Few museum professionals today would argue against the idea that curatorship should be open to creative collaboration and contestation. Yet at the end of the day, a curator must curate. Their task is to make informed decisions and today, whatever they do, controversy is inevitable. In fact, this dissent is the true measure of the 20th Century democratization of art.

In the final analysis, despite the books apparently emancipatory aim, it is debatable whether democratically minded digital filter-feeders differ fundamentally from their traditional predecessors working in formal institutions. Why? All curators have to describe, classify and re-contextualize artistic object (and processes) whether they are material or immaterial. All curators remain managers of symbolic information. Worse still, in these networked systems, in performing "filtering" functions and "highlighting" "best works", are not these small teams of like-minded curators not merely recapitulating the much maligned role of the traditional curator?

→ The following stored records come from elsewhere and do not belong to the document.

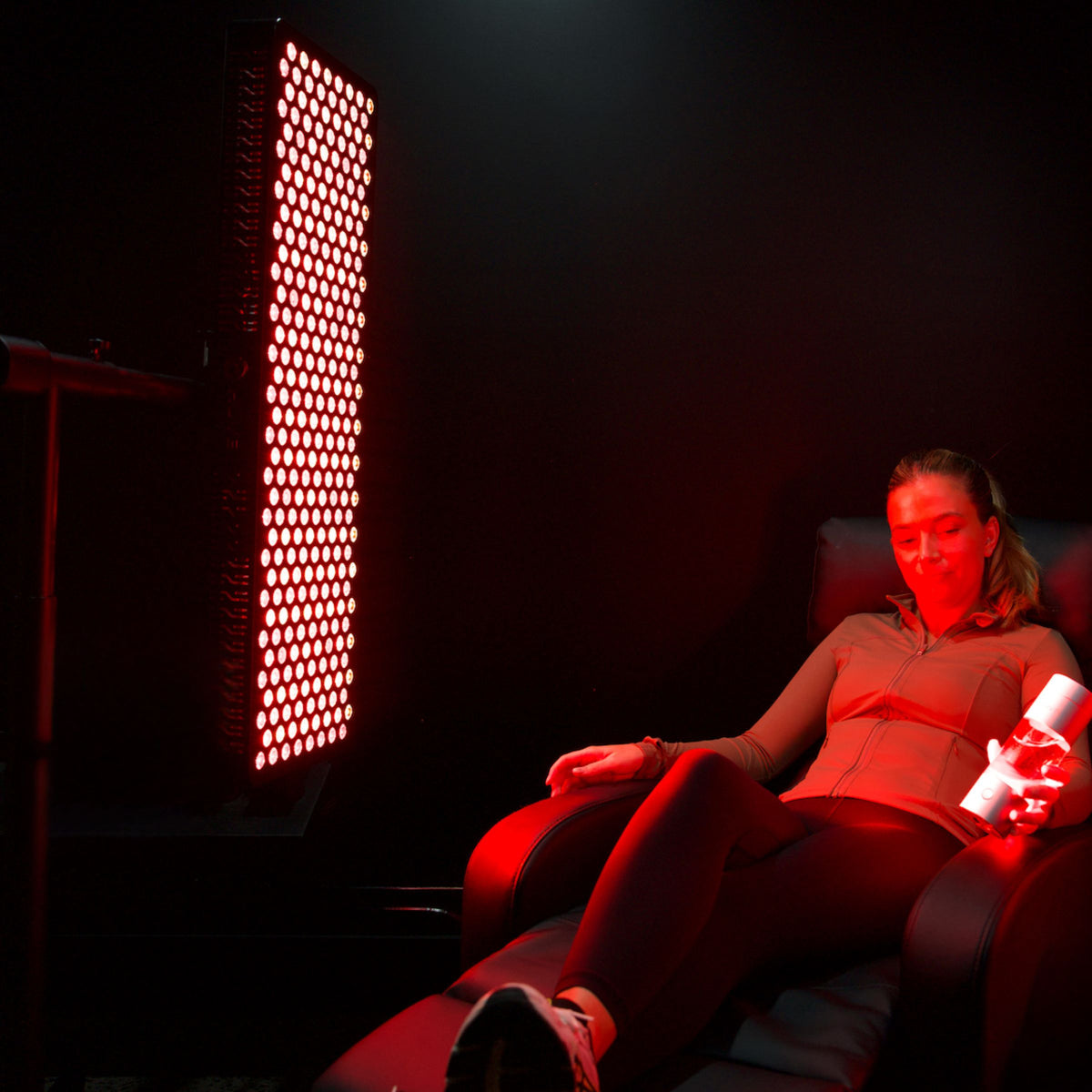 HUVE LUMA Restore Max in Black mounted to the HUVE Premium Floor Stand with fit woman relaxing on a chair with the HUVE Perform hydrogen water bottle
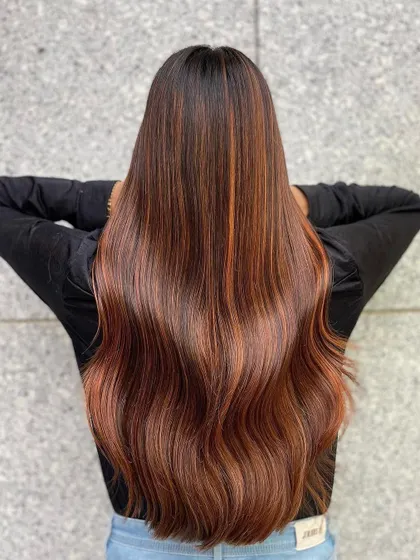 A stunning example of copper hair, which is a fantastic choice for Indian skin tones. The fiery tones add vibrancy and radiance.
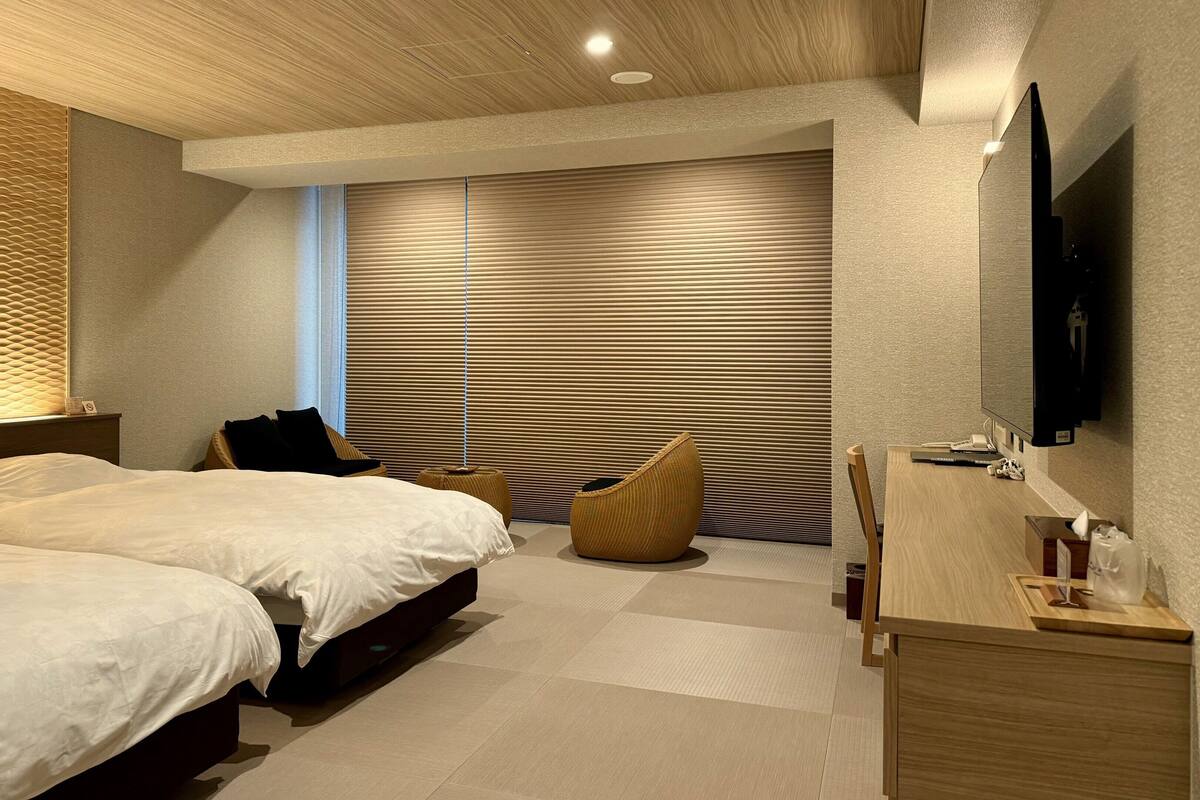 Una habitación de hotel moderna con dos camas, un televisor de pantalla plana, techo de madera y un ventanal grande con persianas.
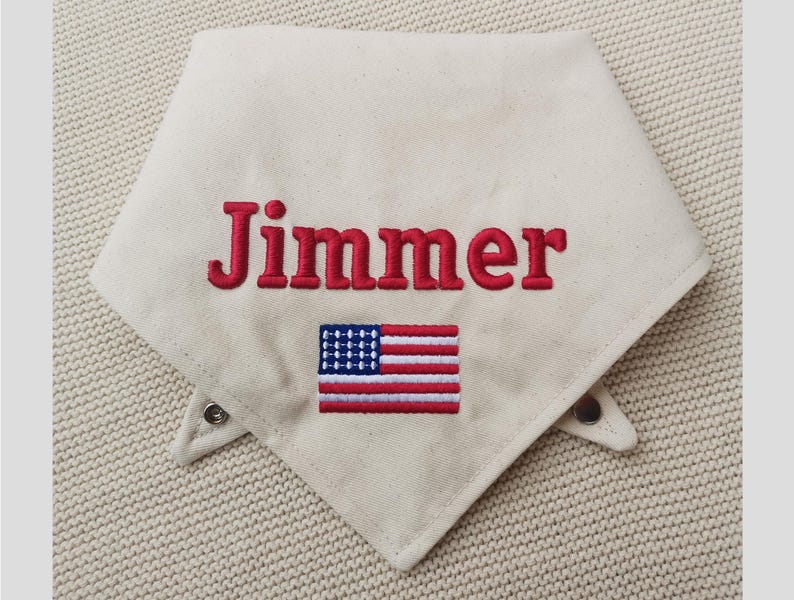 May include: An off-white triangular pet bandana featuring the embroidered name Jimmer in red capital letters. Below the name is an embroidered rectangular American flag with red, white, and blue thread. The bandana includes two metal snap fasteners.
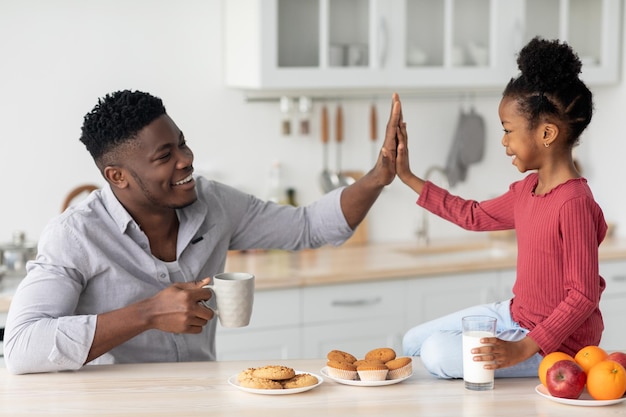 Positieve Afro-Amerikaanse vader en dochter met snack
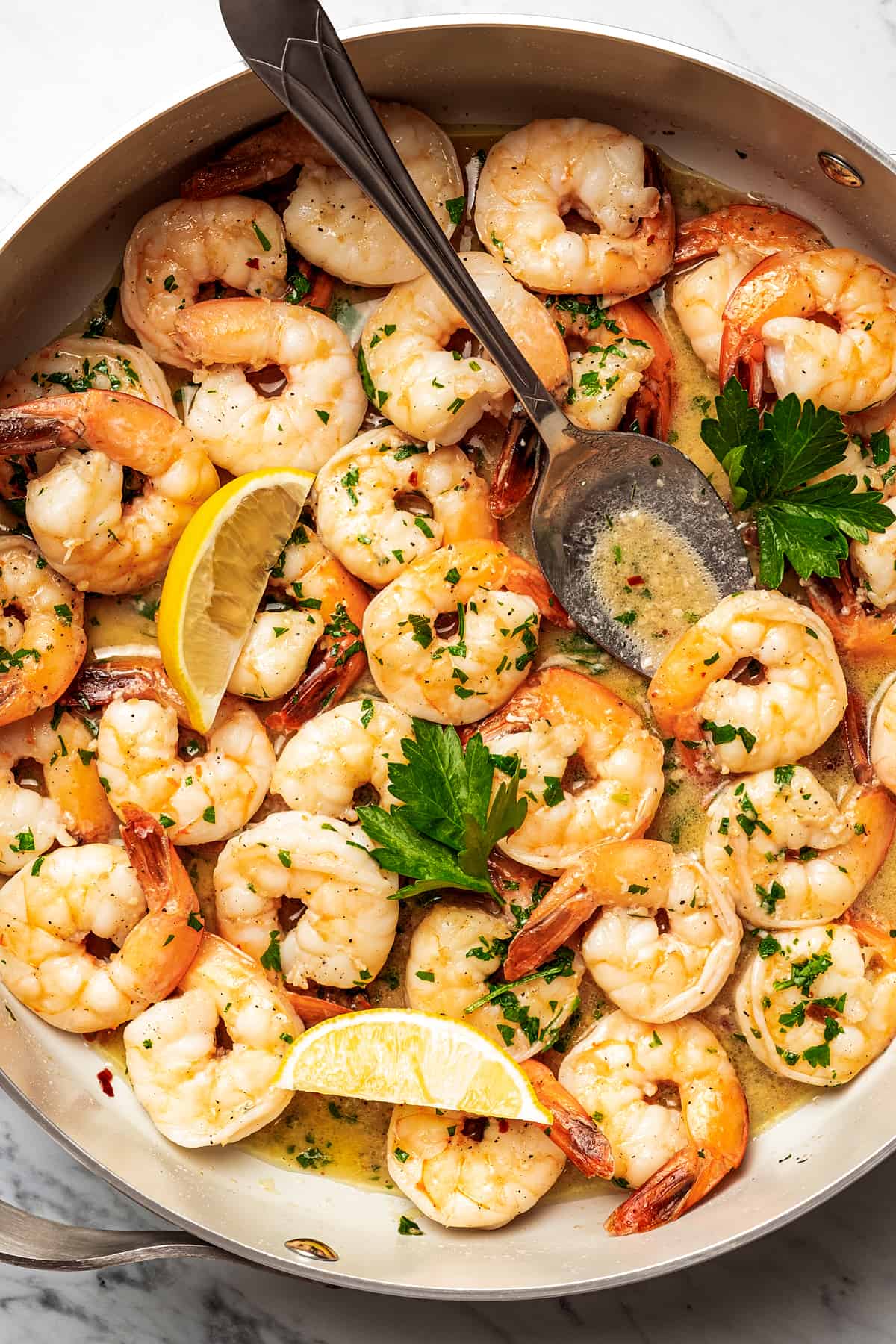 Shrimp scampi in a skillet, with a big spoon placed inside to spoon out shrimp.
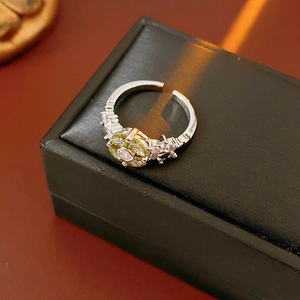 Detail of adjustable flower ring with green oval gemstone and white cubic zirconia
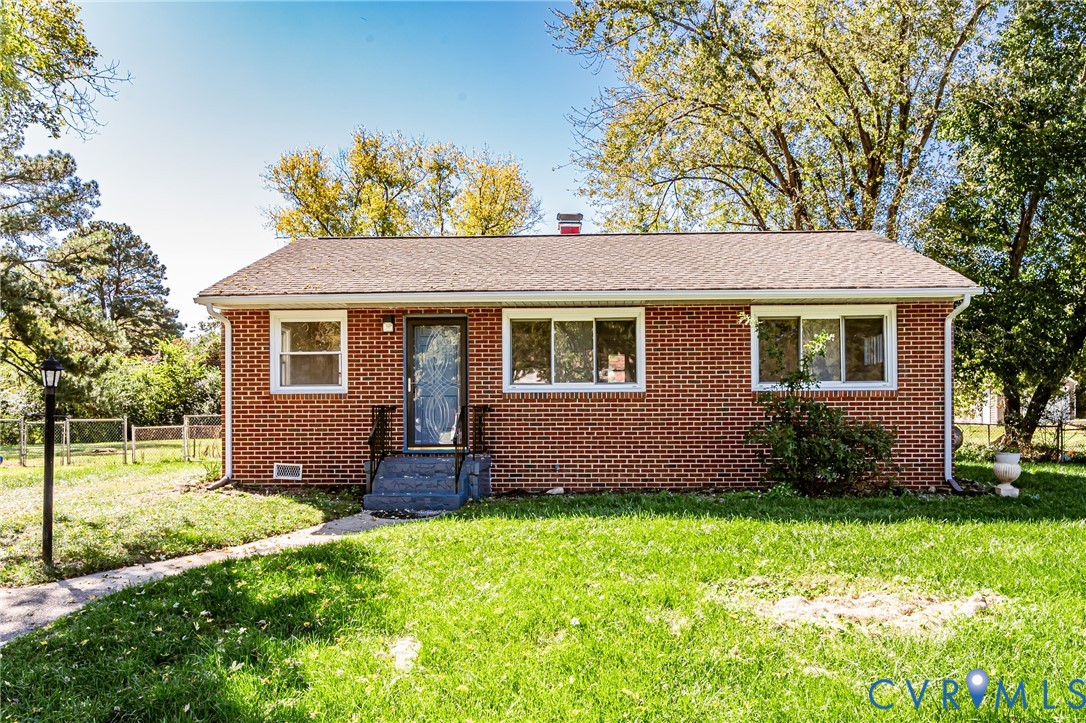 Red brick exterior featuring a pitched roof, multi-pane windows, and concrete front entry steps Red brick exterior featuring a pitched roof, multi-pane windows, and concrete front entry steps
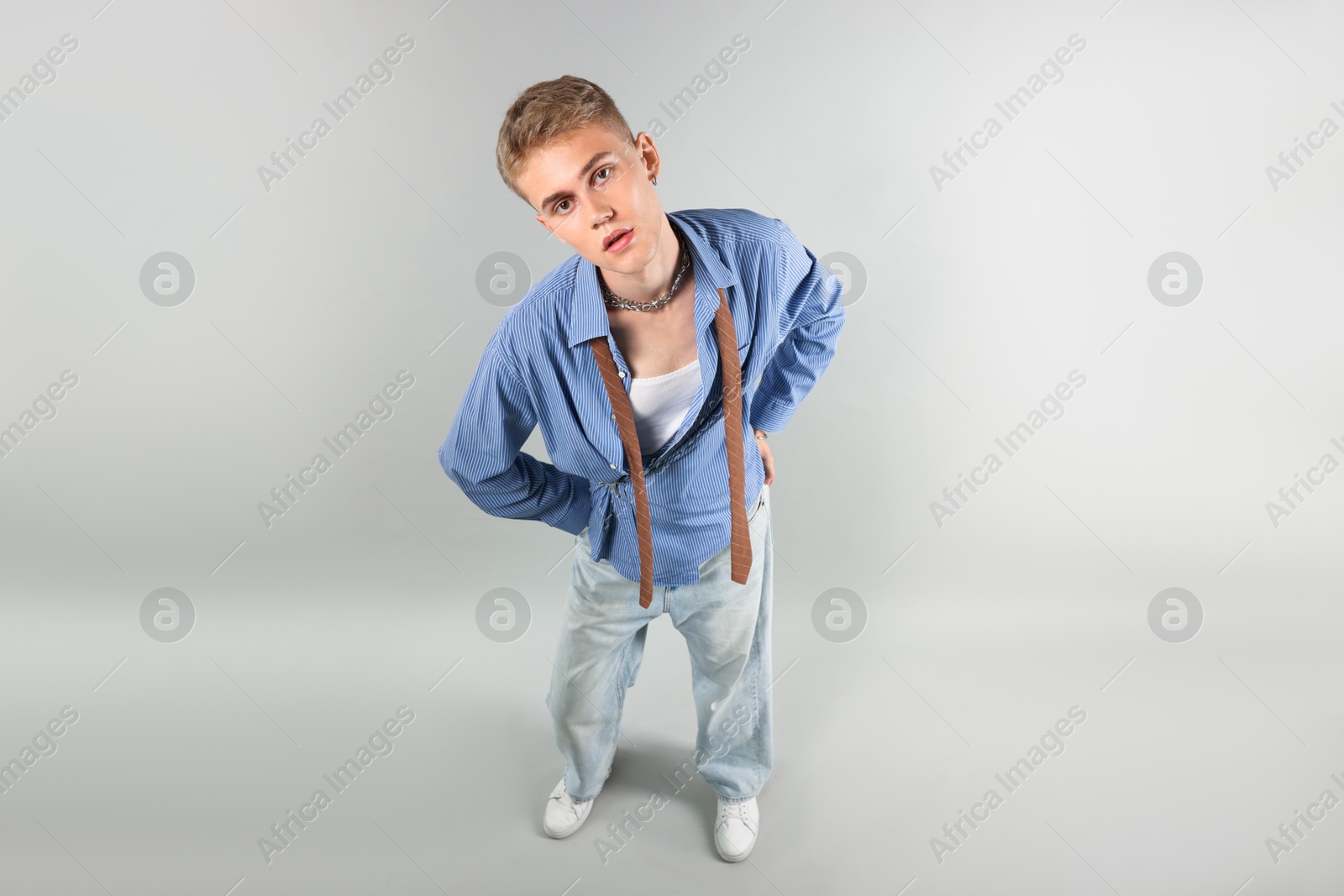 Photo of Handsome young man wearing stylish clothes on light grey background, above view
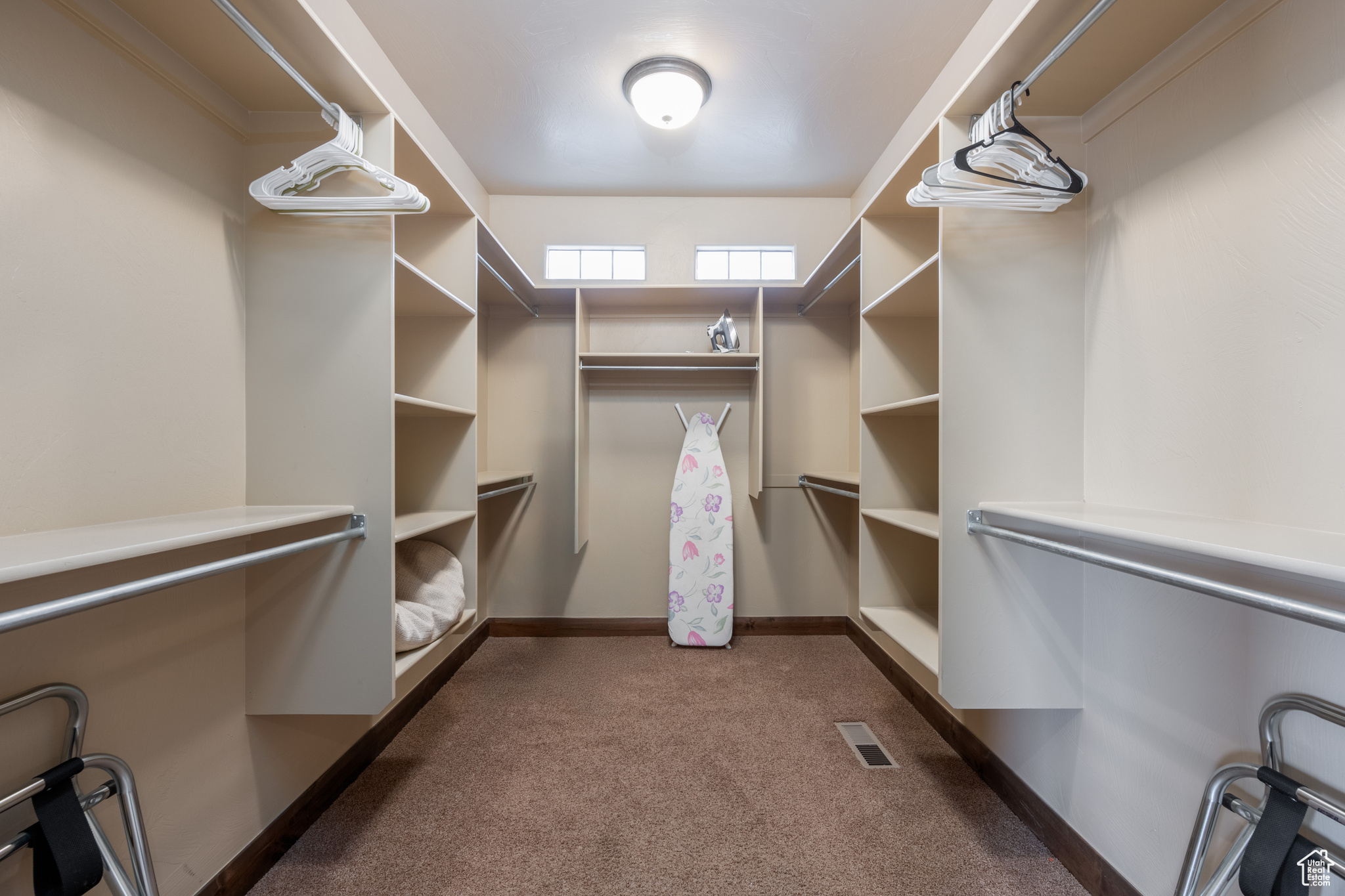 Spacious closet featuring dark colored carpet
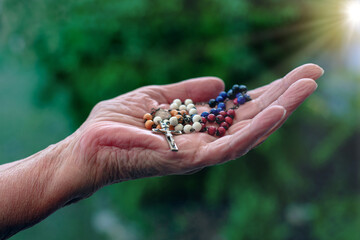 close-up of older womans hand holding a rosary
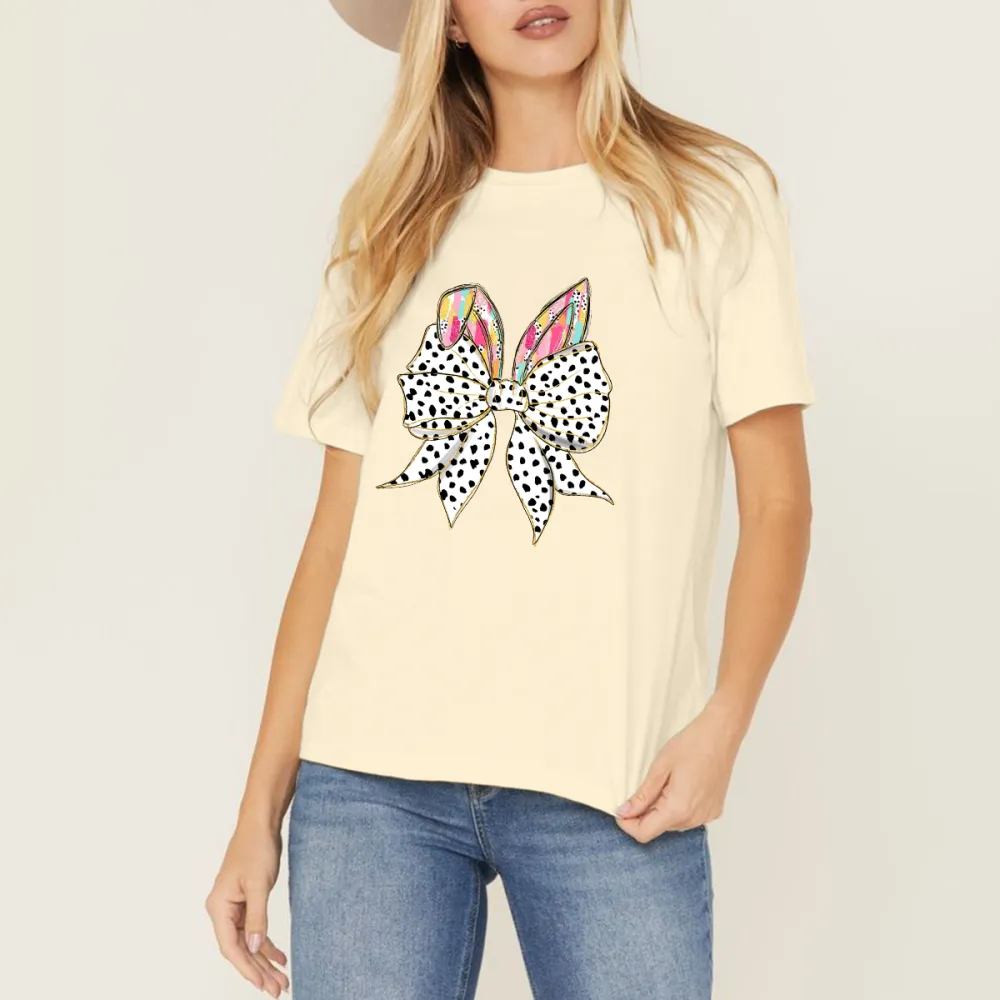 The Bow Is Made Of Black And White Polka Dots, The Bunny Ears Have Colorful Feather-Like Patterns, And The T-Shirt Is Casual.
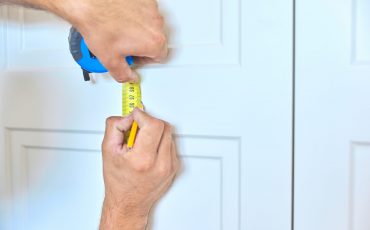 Installation of new cabinet, close-up of hands of working carpenter craftsman with tool, handyman plans place of fastening door handles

Moreover, though "open" communicative platforms surely promote greater participation and information sharing, especially in terms of blogging and reduced curatorial control, contrary to the ideals expressed here, they remain unable to affect real social and institutional change - never mind over-ride the curatorial conceit that they are less guilty of authoritarian judgment by having somehow arrived at a collective democratic decision as to what constitutes the "best work".

Curators are damned if they do and damned if they don’t. They must operate according to the St Peter Principle, making informed though ultimately subjective decisions. Should such professional curators be replaced by filter feeding protocols and democratically managed machines? I think not. To parasitize one creative idea in this book, that is, the semantic linkages between the words curate, cure and curare, curating like curare, if modified and applied in the right dose and distributive contexts, can either educate or irritate. But someone is going to have to make the unpleasant decision as to what is "good" and who is in and what is "bad" and who is out - unless the new digital democrats throw out the filter.